Coffee and cocoa are also traded on what is called the "informal market," where transactions are not recorded and each sale is negotiated on a personal basis. One kind of informal market is Direct Trade, where the buyer buys directly from the grower. Prices are negotiated in private and may vary from contract to contract which may embody non-standard (with respect to industry norms) terms and conditions.
There are informal markets in coffee that are very public, and the best known of these are the ones associated with the Cup of Excellence Awards. While commodity coffee hovers between US$1 - $2/lb, prices paid for select lots at CoE auctions routinely fetch US$20+/lb. One lot of Guatemalan coffee fetched $80.20 - per pound - in 2008. You do have to calculate in the auctioneer's fees (typically 15%), but the prices paid at the CoE auctions are the gross amount paid to the farmer. A normal 60kg bag of robusta would fetch $138 on the commodity market. The farmer is probably only getting 70% of that. On the other hand, in the CoE, that 60kg bag would fetch over $5000 at $50/lb even after auction fees are deducted. If a farmer has seven bags of coffee that fetches even $20/lb, they are doing very well indeed.
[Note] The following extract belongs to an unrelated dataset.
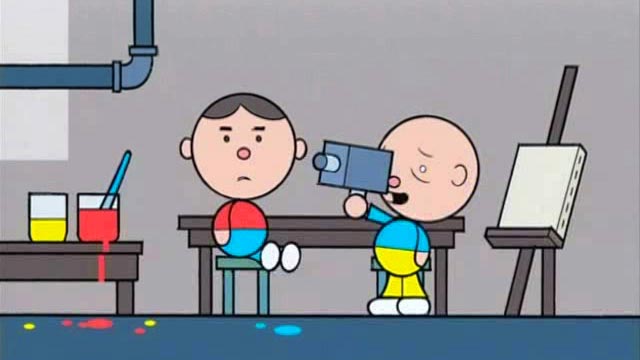 cameraman1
But even those prices are nowhere near the upper limit on coffee prices: there are exotic coffees that retail for as much as $1300/lb, according to the article on Kopi Luwak coffee on Wikipedia.
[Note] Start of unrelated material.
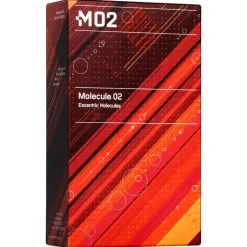 Escentric Molecules Düfte|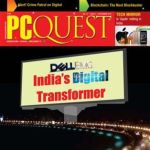 PC Quest - September 2018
I spoke with Stephane Bonnat in 2010 when I was last at the Salon du Chocolat, and he said he was paying farmers 6000/mt for some of his beans. That's about US$3.50/lb at today's exchange rate. If I recall correctly, there are cocoa beans that command higher prices, still. Earlier, I reported that the Mast Bros had indicated that they'd paid as much as US$20,000/ton ($10/lb) for beans. (It was not clear what this price referred to - the farm gate price or the delivered price, though the likelihood is that it was the delivered price and the farmers received considerably less.)
At $20,000/ton delivered, the cost of the cocoa in a 100gr, 80% bar is about $2.20. Assume manufacturing doubles that cost in one-ton quantities. Throw in $1/unit for packaging and you have a cost of goods (very naively) of about $5.40. A retail price of $30 for such a bar is not an unreasonable lower bound, assuming the bar is made to be eaten right away, and accounting for a three-tier (broker (15%), distributor (20%), retailer (100%)) distribution system where the chocolate maker enjoys a 50% gross margin.
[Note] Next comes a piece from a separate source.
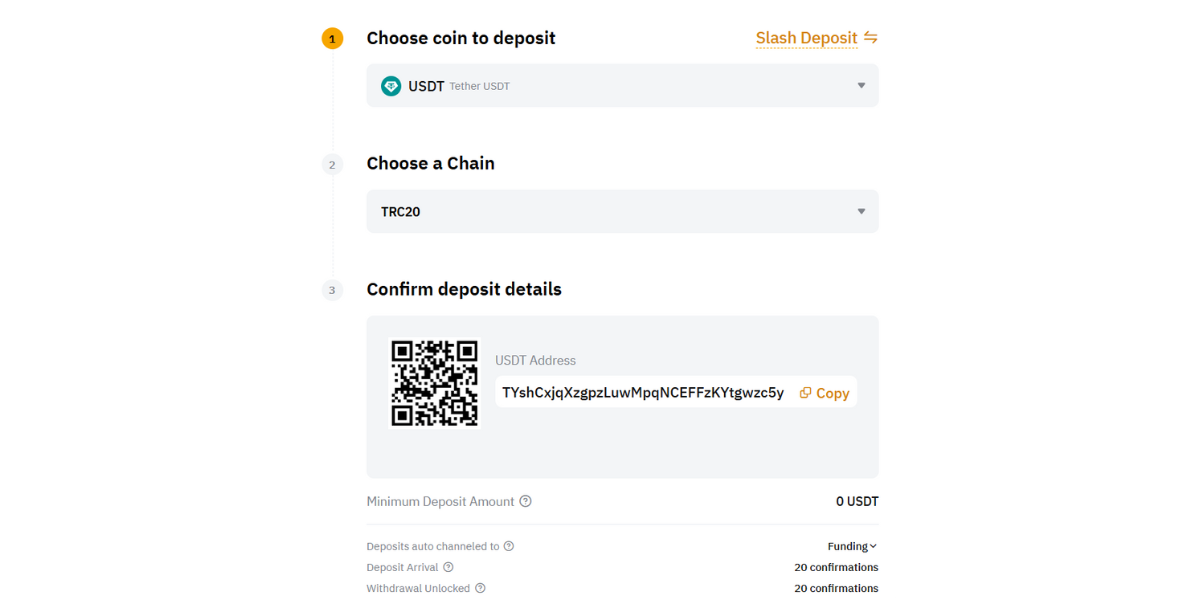 deposit-crypto-to-bybit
Doubling the delivered price of cocoa (to $40,000/ton with the farmer getting at least 75% of that), doubling the cost of packaging to $2/unit, allowing $40k/ton for manufacturing, aging, and other processing , and setting the gross margin to the chocolate maker at 70% gets the retail price of the bar around the $100 price point - and there is now over $35 per bar available for marketing and other activities on a 100gr bar that costs over $10 each to manufacture. In other words, there's a lot of money in the system to pay for experts whose job it is to educate people about the merits of this $100 bar.
It would require a substantial change in mindset for this to happen, but if it did happen, the entire chocolate industry would benefit tremendously.
Still the questions remain, what are more of the characteristics that define this $100 bar? There have been some good suggestions already but I am sure we can come up with more.